Quick Flash Copy gives ‘more personal service’ to customers

Local chamber has recognized it as small business of year


Flash Quick Copy

Where: 2572 Shiloh Springs Road, Trotwood

Hours: 9 a.m.-5 p.m., Monday through Friday

Phone: (937) 854-5648

TROTWOOD — The tide of modern business is about cost and speed: the customer wants a product at the lowest cost in the shortest time.

Betty Thompson has been swimming against that tide for 30 years. Her one-woman print shop offers customers more: service and respect.

“Respect for my fellow man, that’s the most important thing I’ve learned in 30 years. Yeah, it sounds like a cliche, but it’s the truth,” said Betty, who turns 78 this month.

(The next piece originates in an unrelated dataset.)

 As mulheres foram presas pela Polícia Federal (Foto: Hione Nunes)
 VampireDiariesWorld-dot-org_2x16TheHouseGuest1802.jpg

A customer wandered into Flash Quick Copy one day with a small request for copies of church materials, Betty recalled. While Betty was filling the order, the customer told of her recent trip to a franchise copy shop. She felt she had been treated rudely. As the customer was leaving, she asked if it would be all right to refer other church members to Betty’s shop.

“I guess they’ve become one of my biggest customers,” she said with a smile. “I love my customers and most love me. I get much of business through referrals.”

Some referrals come from other businesses. Binding, laminating, quick turnaround on business cards, really small jobs? “Go see Betty” seems to be the mantra.

“I hope she never retires,” said Sue Cummings of the Randolph Twp. Historical Society. “She gives us much more personal service than you find in the big boxes. And with a quick turn around.”

It’s not as if Flash Quick Copy is a secret. In 2006, the Trotwood Chamber of Commerce honored Betty’s business as the small business of the year. “I told them you don’t get any smaller than me,” Betty said.

What she doesn’t advertise is her work with the community. Marie Battle of the chamber said Betty was nominated by customers and local businesses not only for her business but also for her help to community groups and schools. “She does a lot for our community. She helps out where ever needed,” Battle said.

Widowed for 33 years — “I never took it upon myself to raise another man” — Betty dotes on her daughter and two grandchildren, one who is a nurse serving in Iraq. The granddaughter’s picture in full combat gear has a place of honor, hung on a filing cabinet behind the cash register.

Betty had worked as a bookkeeper for a retail chain until it pulled up stakes and left Dayton. Looking for something to do — “I didn’t want to work nights or weekends” — she investigated numerous opportunities before settling on the print business.

“I was just a ‘little lady’ in a business dominated by males. They said I wouldn’t last a year. They’re all gone now, and I’m still here,” she said with a sly grin. “And I love it. I absolutely love it.”